What’s the process to initiate those?
That’s the problem with “temporarily” lifting security constraints - we forget that we’ve done it .
Yea… except in my case the lift was intentionally permanent (I mess with .kexts a lot) and its not that I forgot to revert it back – I forgot that my config is special in any way… I’t my “normal”. It’s like herd immunity – if majority of users keep it enabled malware can’t spread so those like me who have to have it disabled are also protected
I’m having this same issue but with CLI 2.5.0 on macOS Catalina 10.15.4. I’m able to do backups fine without VSS but when I use it I similarly get an Error 77. I also get the same information in the logs that @pdp8user is seeing.
Is there something I can do I my end to get it working?
Some additional information:
When I first launched the application I received a message saying that the application can’t be opened because Apple cannot check it for malicious software.
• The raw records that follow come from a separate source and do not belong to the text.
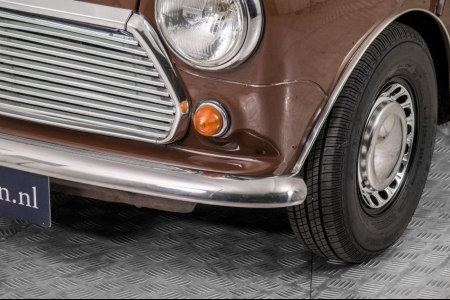 MINI 1300 classic thumbnail 33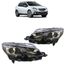 -Farol-Principal-Peugeot-2008Par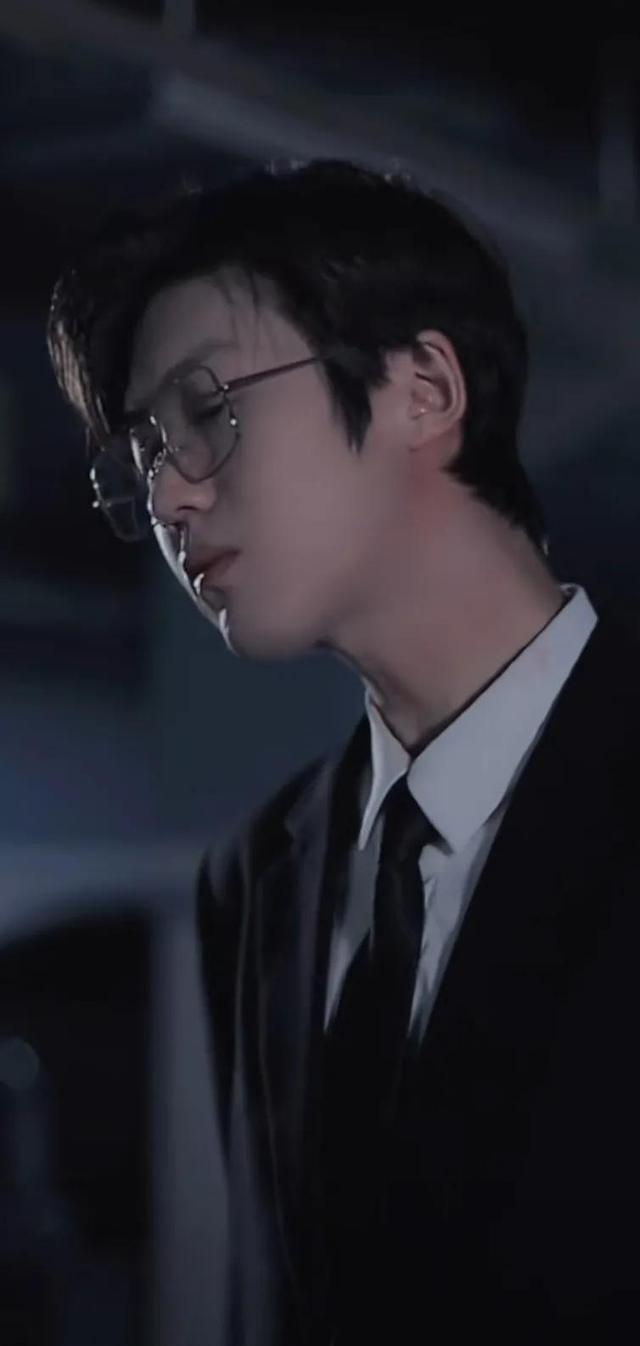 孙冰法个人资料(抖音网红哪些是永不会取关的)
This software needs to be updated. Contact the developer for more information. I was able to open it after going to the Security control panel and clicking allow after reading that the app was blocked because “it is not from an identified developer”.
When I run the codesign command, I get a “valid on disk” and “satisfies it’s Designated Requirement” message.
I have both the Web Edition and the CLI version on my Mac.
I confirmed that SIP is turned on and secure boot is enabled to allow full security.
I was also able to make and list Time Machine snapshots by doing the following:
This is the command I’m running and output I’m seeing:
White:Test2 indoracer$ duplicacy -log backup -vss
2020-04-12 03:21:58.478 INFO STORAGE_SET Storage set to gcd://Backups/Duplicacy
2020-04-12 03:22:06.323 INFO BACKUP_START Last backup at revision 1 found
2020-04-12 03:22:06.912 ERROR VSS_CREATE Error while mounting snapshot: exit status 77
You may have to do it with both the Web & CLI editions.
I’m certainly running with SIP turned on. Mine was working on the CLI without setting Full Disk Access for it, but that was before the update to 2.5.0 . It will be interesting to see whether I have to add that when the update comes through. The Web edition normally updates itself automatically, so I’ll keep a close eye on things.